The Carter Center announced Friday it will monitor the ongoing hand recount of the 2020 presidential election in Georgia to “help bolster transparency and confidence in election results” — the first time the nonprofit, which has observed elections around the world, will monitor any part of an election process in the United States.

The move comes after an extraordinary and prolonged effort by President Donald Trump and top Republicans to undermine confidence in the election’s outcome by baselessly claiming fraud and refusing to recognize President-elect Joe Biden’s victory. For more then three decades, the organization, founded by former President Jimmy Carter and former first lady Rosalyn Carter, has helped support democratic elections in countries during fragile and volatile times.

Georgia’s Republican Secretary of State Brad Raffensperger announced Wednesday that the state will conduct an audit of the race, which includes all counties recounting, by hand, the nearly 5 million ballots cast.

On Friday afternoon, CNN projected Biden would win the state. As of Friday evening, Biden led Trump by more than 14,000 votes.

The Carter Center said Friday it will dispatch monitors to several county audit boards across the Peach State to watch the recount. It did not monitor voters when they cast ballots last week and the organization said this review is “not part of a broader assessment of the election as a whole.”

“What we’re monitoring is what many people have been calling the hand recount. Because the margin in the presidential race is so close, this sort of audit essentially requires review of every ballot by hand,” Paige Alexander, the Carter Center’s CEO, said in a statement. “This is unusual, but it provides an opportunity to build trust in the electoral system prior to the state’s certification of results.”

Soyia Ellison, a spokesperson for The Carter Center, confirmed to CNN that Georgia will be the first time the organization has been involved in monitoring any part of a US election.

In August, in response to its view that Americans were losing faith in their country’s electoral process, The Carter Center, for the first time in its history, launched a campaign in the US to “strengthen transparency and trust in the election process.”

“We have prioritized countries with a significant potential to advance democratic transitions or places where democracy has been under threat. Most of these countries have weak institutions and are plagued by political polarization, a lack of public trust, ethnic or racial divisions, or a history of troubled elections.

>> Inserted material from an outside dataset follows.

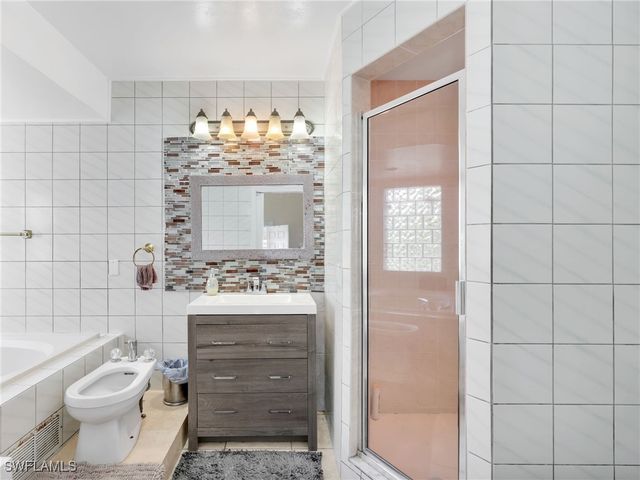 164 Sabal Lake DR, Naples, FL 34104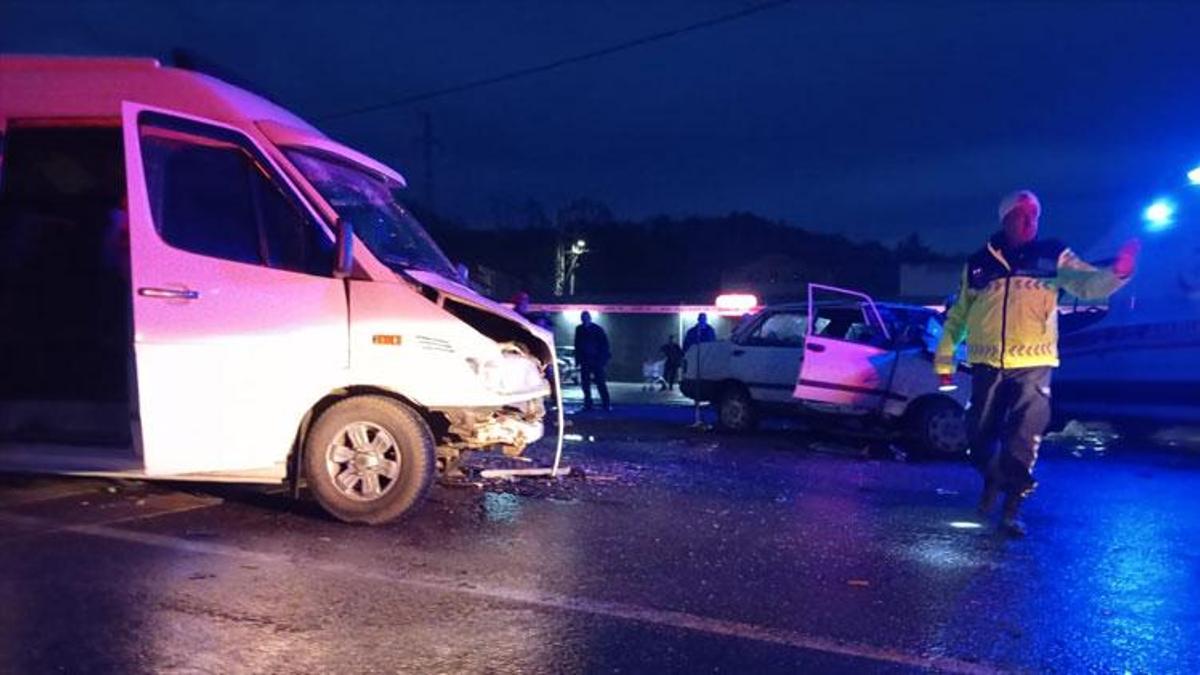 Ereğli'de servis minibüsü ile otomobil çarpıştı 7 kişi yaralandı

Often, there are fears that the election results won’t be seen as credible or could trigger violence,” Jason Carter, the Center’s board of trustees chairman, and David Carroll, the head of the Center’s Democracy Program, wrote in an op-ed in CNN.

“Unfortunately, much of that description now applies to the US. If ever there was a time to address democracy and elections in our country, it is now,” they added.

The Carter Center has observed more than 100 elections in 39 countries, assessing the integrity of the process and helping the nations meet international standards for democratic elections.

The hand recount in Georgia began Friday morning and must be completed by Wednesday at midnight, just two days before the state’s November 20 deadline to certify the results.

Aside from the presidential election, Georgia is also home to two high-stakes US Senate races that appear headed to runoff elections in January. Earlier this week, the state’s two US senators who are both fighting for reelection, Republicans Kelly Loeffler and David Perdue, demanded that Raffensperger resign, accusing him without evidence of failing to “deliver honest and transparent elections.” Raffensperger swiftly rejected their calls.